She described how the medium, someone who’d only just arrived in Lily Dale that morning and had no knowledge of who Mabel was, allowed Austin to speak through him. She recorded in detail what was said: “You kept me nine months on the Earth after my body was dead – your grief and loving kept me. But I have wanted to speak to you for seven long years.” Mabel added, “he went on with things that kept me breathless for nearly an hour.”
This remarkable encounter “…tore my heart strings so that for weeks I walked in a daze. The voice was identical with what I had so longed for years to hear …Some things just could not have been invented. But what does it mean?” And this visit stayed with Mabel for the rest of her life; her journal entries referenced it for many years afterward.
So I am quite certain that while Mabel, like Emily and Millicent, would probably look at the commercial holiday of Halloween askance, she would maintain a quiet and deep faith that there’s actually something to it, beyond the candy corn, costumes and plastic orange pumpkins.
And I will admit to one Halloweenish experience of my own. This past Thursday morning I was in Amherst, having stayed over after giving the first talk on my book tour. As usual, I rose well before dawn. Since I had to get on the road to be back in time to facilitate an event at Tufts in the morning, I decided just to get up and get going. But before heading east, I decided to pay a brief visit to Wildwood Cemetery, to let Mabel know that the book was almost out.
It was very dark, except for the full moon. When I got to Wildwood I had a brief moment of panic, wondering what I was doing – really, wandering around in a cemetery well before it started to get light? Was I nuts?
Fortunately I’ve been there enough that it was still relatively easy to navigate my way to the Todd plot. I had to use the light on my cell phone to fumble around on the ground a little, but I did find a good- sized pebble. And with the spooky light of the moon guiding me, I placed it on top of Mabel’s headstone. Somehow, I knew, this is a gesture she would have appreciated.
Today is the day I’ve long waited for. After Emily is officially published!
Throughout the time I’ve been working on this book, I’ve kept a journal about the process. This has been a kind of meta-experience, writing about the writing. I’m very glad I did this because it’s been a way to think through and process these intertwined and complicated stories. I’ve also learned a lot about writing, and about myself.
This was the very first entry in the journal:
3/3/11
Today I feel like I really started the project for the first time. The microfilms I’d requested from Yale on inter-library loan FINALLY arrived after weeks of waiting, and I spent 7 hours looking at them. I went through 4 years’ of Mabel’s diaries; didn’t even complete a whole reel. This is going to take me a very long time.
It was both about learning more about her day-to-day existence and also about starting to figure out how to do this work. And also about starting to make sense of it. I decided I should start this file to help me process the process.
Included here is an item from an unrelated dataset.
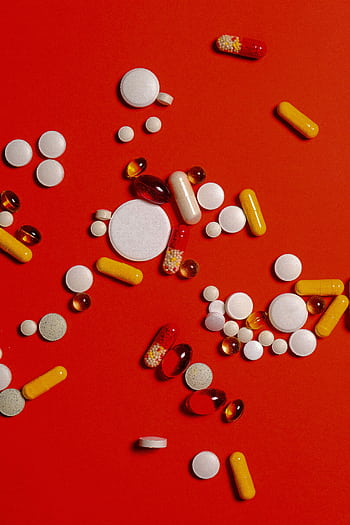 A diverse array of pills and capsules scattered on a vibrant red surface. HD phone wallpaper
It did take me a long time to go through the materials, to do the research and to go through the processes of writing, re-writing and editing that were necessary to get this book done. But I’m so glad I did it.
I looked back to see whether I could find anything either Mabel or Millicent had written when their respective books were published. In November of 1890, Mabel had initially written of her excitement when she received the first few pre-publication copies of the first edition of Emily’s poems. And then on publication day, she wrote, “Today Emily’s book of Poems is issued. I had more copies since Sat, but the bookstores got them today. Her gifts are now shared with the world.”
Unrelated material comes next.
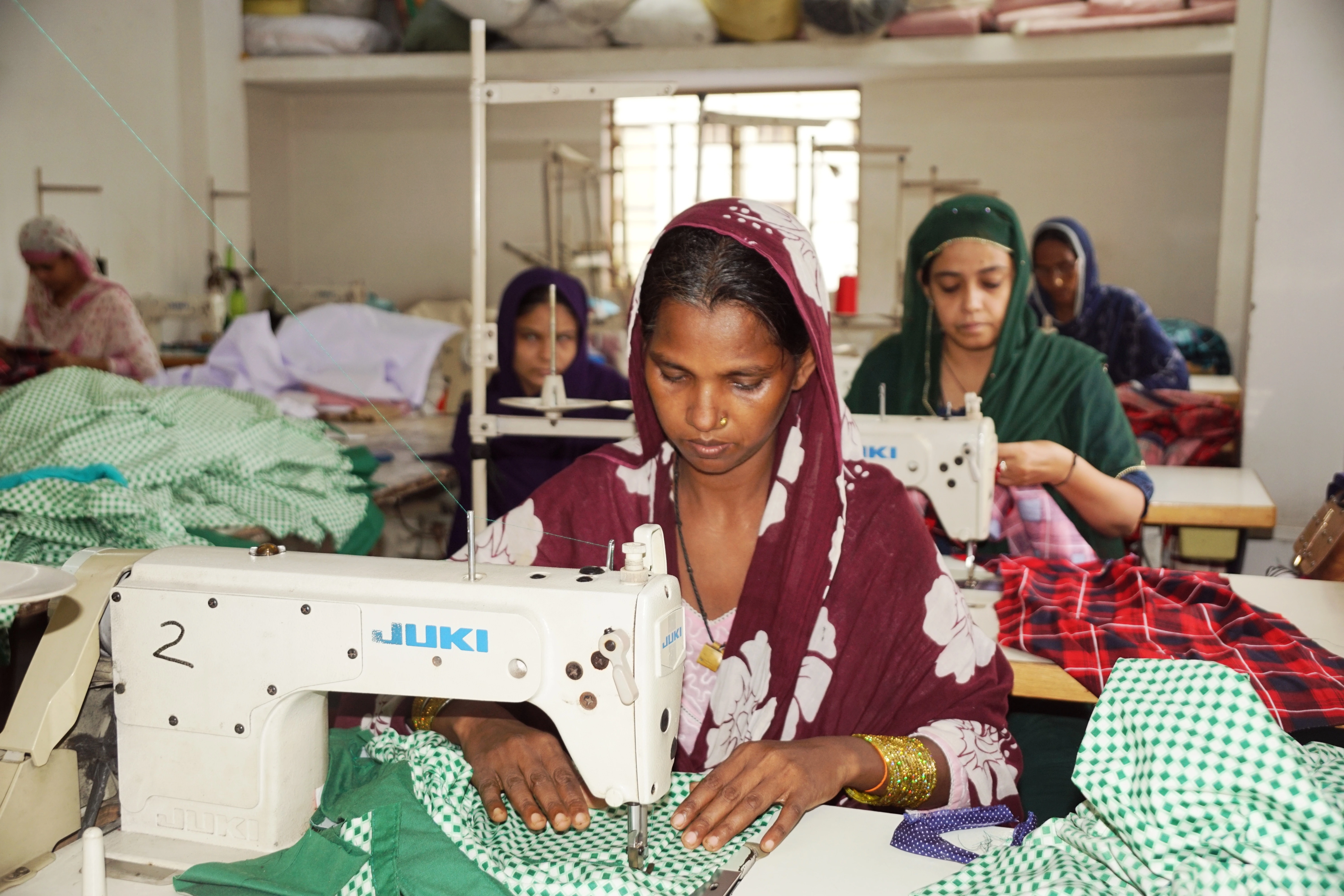 Underprivileged women sewing with sewing machines.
In 1909, Mabel’s mother was very ill, and Mabel wrote in her journal about how her mother was “living to wait to see” Mabel’s most recent book – A Cycle of Sunsets – published. Despite her conflicted relationship with her mother, it seemed important to Mabel that her mother live to see this work. This is interesting because it wasn’t Mabel’s first book (by 1910 she had already published four of her own books as well as three edited volumes of Emily’s poetry and two edited books of her letters).
I’m not entirely sure why she wanted Molly to be able to see this book (she did – she didn’t die until the fall of 1910 and the book was published in the spring). Perhaps it’s because more than any of Mabel’s other books, this one was about nature, and reviewers had commented, among other things, that “Mabel Loomis Todd is a worthy successor to Thoreau.” The link to Henry David Thoreau would be one that Molly greatly appreciated, the Wilder family having been intimate friends with the Thoreaus. Molly always believed – and instilled in both her daughter and her granddaughter – that this link between the Wilder and Thoreau families was important. A book in the tradition of Henry David Thoreau (A Cycle of Sunsets is a series of essays about sunsets over the course of a year) would naturally be a book that Mabel’s mother would endorse. Mabel would have believed that this book would earn her the kind of whole-hearted praise from her mother she’d long sought and seldom received, despite all her many achievements.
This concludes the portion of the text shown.